Mori T, Fukawa O, Sato T, Hori S

出版信息

No Shinkei Geka. 1977 Jul;5(8):865-9.

PMID:331131
Abstract

Current chemotherapy of malignant brain tumor bases on cell kinetics. Chemotherapeutic agents are devided into two, cell cycle specific (CCS) and cell cycle non specific (CCNS) agents. A case of malignant glioma successfully treated by chemo-radiotherapy using a new combination of the two agents , Carboquone (CQ) as CCNS, which has not appeared in literature, and FT-207 as CCS is reported. A malignant glioma in the right frontal lobe in a case of 51-year-old male was removed subtotaly on Dec. 10th, 1971 in our clinic. Three years and five months after the surgery, the patient was diagnosed as having a recurred malignant glioma in the left frontal lobe from the clinical symptoms. This was supported by a positive brain scan and carotid angiography. A total dose of 57mg of CQ was continuously into the left internal carotid artery during two months. Simultaneously, 16g of FT-207 as a total dose was given orally and 4,550 rads of Telecobalt-60 were irradiated. One month after the beginning of these treatments, clinical symptoms improved obviously. Four months later, the size of the tumor shadow on the brain scan decreased remarkably and the shifted anterior cerebral artery returned to normal position on the carotid angiogram. Anemia, leucopenia, thrombocytopenia, nausea, and anorexia were the side-effects of these treatments.
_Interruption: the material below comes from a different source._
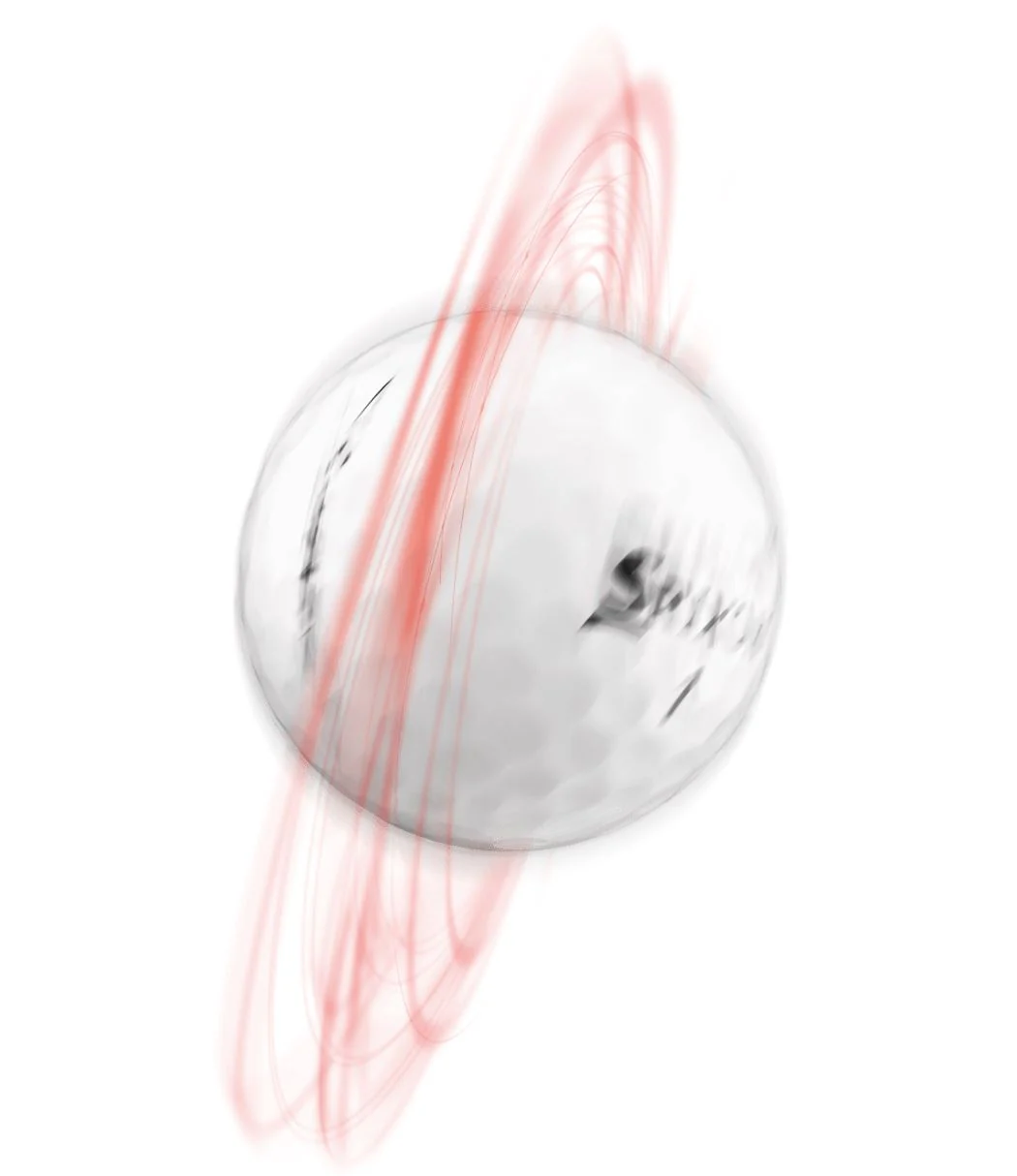 Srixon Z Star Logotées - Image 7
But these complications disappeared six weeks after the termination of the treatments.

摘要

当前恶性脑肿瘤的化疗基于细胞动力学。化疗药物分为两类,即细胞周期特异性(CCS)药物和细胞周期非特异性(CCNS)药物。本文报道了一例恶性胶质瘤患者,采用两种药物的新组合进行化疗放疗并取得成功,其中CCNS药物为卡波醌(CQ)(该药物在文献中未见报道),CCS药物为替加氟(FT - 207)。1971年12月10日,我院为一名51岁男性患者行右额叶恶性胶质瘤次全切除术。术后三年零五个月,根据临床症状,该患者被诊断为左额叶恶性胶质瘤复发。脑部扫描阳性及颈动脉血管造影结果支持这一诊断。两个月内,通过左颈内动脉持续注入总量为57mg的CQ。同时,口服给予总量为16g的FT - 207,并进行4550拉德的钴 - 60远距离照射。这些治疗开始一个月后,临床症状明显改善。四个月后,脑部扫描显示的肿瘤阴影大小显著减小,颈动脉血管造影显示移位的大脑前动脉恢复到正常位置。贫血、白细胞减少、血小板减少、恶心和厌食是这些治疗的副作用。但这些并发症在治疗结束六周后消失。